Der Berliner Bankenskandal wurde Diepgens Fraktionsvorsitzendem Landowsky angelastet
Die Null-Toleranz-Politik gegen Hausbesetzer und andere Linke hatte Diepgen stets von Innensenatoren wie Heinrich Lummer, Dieter Heckelmann oder Jörg Schönbohm vertreten lassen, die weit rechts außen standen. So wurden sie zum Feindbild, nicht ihr Chef. Gleiches gilt für den sogenannten Berliner Bankenskandal. 2001 war eine landeseigene Bank pleite gegangen, was das Land Berlin Milliarden kostete. Diepgen verlor zwar seine Amt, der Skandal wurde in der Öffentlichkeit aber hauptsächlich seinem Fraktionsvorsitzenden Klaus-Rüdiger Landowsky angelastet.

Auch der gelernte Versicherungsvertreter Wegner präsentierte sich bislang konsequent reibungsarm. Seine ersten Jahre im Berliner Abgeordnetenhaus (1999–2005) verliefen ebenso konfliktfrei wie die anschließende Zeit als Bundestagsabgeordneter (2005–2021).

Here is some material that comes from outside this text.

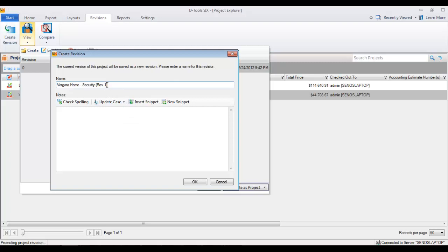Down here you can make the notes, so you can just say maybe client rejected change order. You can make more detailed notes about what changed in the project file, like the stuff you added, the stuff you took out, if you really want to, but this is going to be a simple example.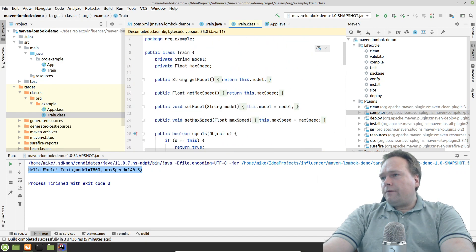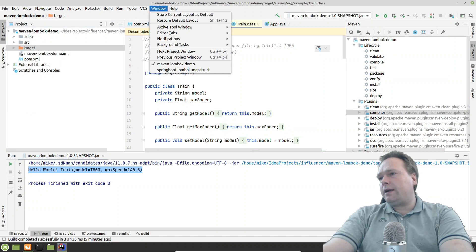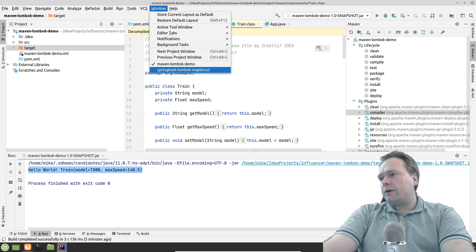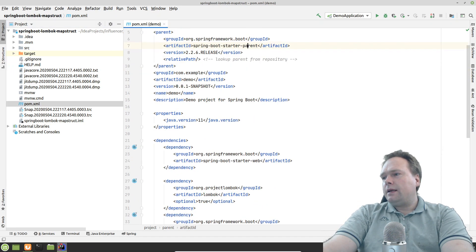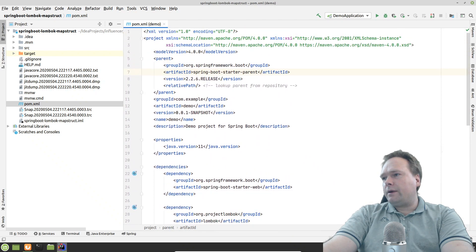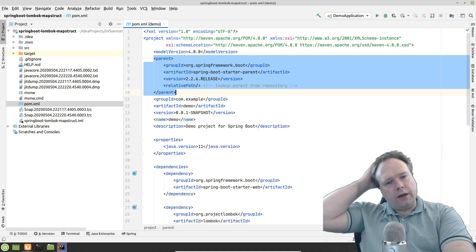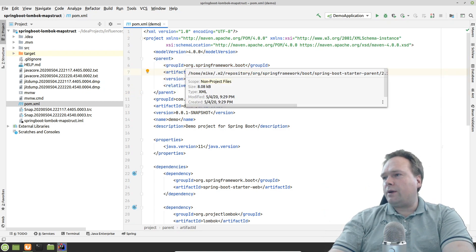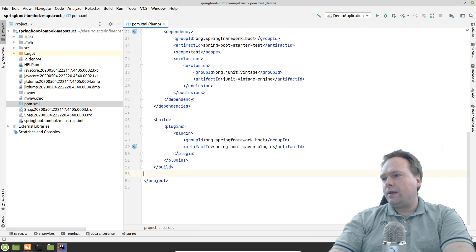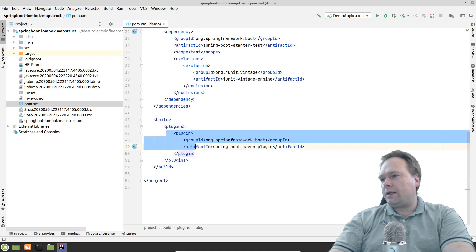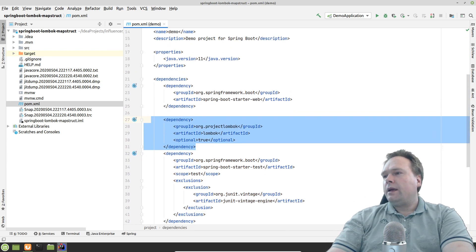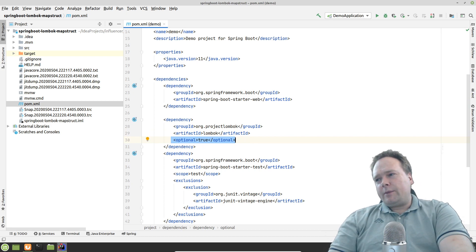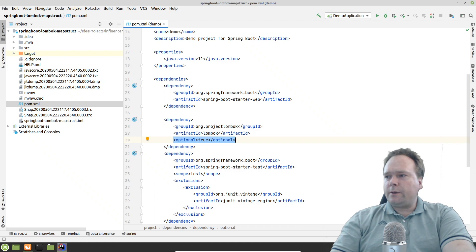Now let's look at a Spring Boot application. In Spring Boot's POM file, it's quite short because Maven supports a parent POM — you can inherit configuration from a parent. Spring uses this heavily. So I cannot see a Maven compiler plugin in my Spring Boot POM right now; I just have the Spring Boot Maven plugin and dependencies including the Lombok dependency with 'optional=true', meaning we only need it at compile time, not at runtime.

Sein damaliges Abstimmungsverhalten bietet ebenso wenig Aufreger wie seine Bundestagsreden. Unauffälligkeit als Markenzeichen.

Diepgens erster Innensenator Heinrich Lummer gilt als früher Wegbereiter von Kai Wegners Karriere. Lummer war Ehrenvorsitzender eines vom Verfassungsschutz als rechtsextrem eingestuften Vereins und fiel wiederholt mit antisemitischen Äußerungen auf.

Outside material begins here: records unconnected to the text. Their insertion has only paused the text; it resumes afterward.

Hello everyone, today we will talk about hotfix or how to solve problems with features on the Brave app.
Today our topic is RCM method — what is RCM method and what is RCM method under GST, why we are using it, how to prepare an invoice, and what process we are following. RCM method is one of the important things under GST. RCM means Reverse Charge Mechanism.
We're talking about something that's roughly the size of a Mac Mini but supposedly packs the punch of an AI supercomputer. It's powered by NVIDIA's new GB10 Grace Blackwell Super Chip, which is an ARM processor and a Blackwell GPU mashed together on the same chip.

Natürlich findet man den einen oder anderen Makel, wenn man gründlich danach sucht, und weil Wegner in der CDU ist, gibt es auch Verbindungen, die ziemlich weit nach rechts führen. So gilt Diepgens erster Innensenator Heinrich Lummer als früher Wegbereiter von Wegners Karriere. Lummer war Ehrenvorsitzender eines vom Verfassungsschutz als rechtsextrem eingestuften Vereins und fiel wiederholt mit antisemitischen Äußerungen auf. Israel verweigerte ihm sogar die Einreise. Als Lummer 2019 starb, nannte Wegner ihn einen »großen und streitbaren Politiker«, dem er »viel zu verdanken« habe.

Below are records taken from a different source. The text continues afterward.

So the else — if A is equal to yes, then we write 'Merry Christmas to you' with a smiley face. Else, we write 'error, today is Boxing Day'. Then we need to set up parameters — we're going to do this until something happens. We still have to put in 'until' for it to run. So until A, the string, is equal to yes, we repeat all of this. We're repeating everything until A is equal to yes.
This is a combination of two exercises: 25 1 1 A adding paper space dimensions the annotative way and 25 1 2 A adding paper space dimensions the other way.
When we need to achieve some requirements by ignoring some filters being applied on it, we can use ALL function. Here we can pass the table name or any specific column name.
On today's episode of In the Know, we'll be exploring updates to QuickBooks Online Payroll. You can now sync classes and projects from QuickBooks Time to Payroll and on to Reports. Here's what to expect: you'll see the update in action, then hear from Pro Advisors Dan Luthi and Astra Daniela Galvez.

Auto- und Radfahrer, Mieter und Vermieter, Innenstadt und Außenbezirke, Yin und Yang
Auch bezeichnete Wegner Organisationen, die Flüchtlinge aus Seenot ­retten, 2019 als »Schlepperhelfer« und war zeitweilig Mitglied in einer Facebook-Gruppe, die im Zuge der Covid-19-Pandemie rechtsextreme Positionen verbreitete, auch wenn er sich dort nie aktiv beteiligte. Aber all das hat er ebenso hinter sich gelassen wie die Krawatte, die er im Bundestag immer trug, und den altmodischen Haarkranz um die Ohren. Mittlerweile trägt er das Resthaar stoppelkurz, zeigt sich gern hemdsärmelig und als liebevoller Papa einer Patchwork-Familie. Ein echter Großstädter, auch wenn er nicht im Wedding aufgewachsen ist wie Diepgen, sondern weit draußen in Spandau. Dafür punktet er mit seiner familiären Herkunft: Die Mutter war Einzelhandelskauffrau, der Vater Bauarbeiter. So was lieben die Berliner, und deshalb steht es auch ganz oben auf der Startseite seiner Homepage.

Darunter folgen Bilder, die ihn als lustigen Knirps, als Soldaten, mit Angela Merkel und – natürlich – Eberhard Diepgen zeigen. Streng nach dessen Erfolgsrezept gibt es als einzige politische Botschaft zu lesen, dass er »Interessen verbinden und pragmatische Lösungen für alle entwickeln« möchte – für Auto- und Radfahrer, Mieter und Vermieter, Innenstadt und Außenbezirke, Yin und Yang. Auch bei der Wahl des Koalitionspartners schickt er sich an, Diepgens Vorbild zu folgen. Der koalierte von 1990 bis 2001 mit der SPD. Mag sein, die Grünen wären zeitgemäßer gewesen, aber das kann ja durchaus noch kommen. Bleibt er dem Prinzip Diepgen treu, könnte er dafür noch viel Zeit haben.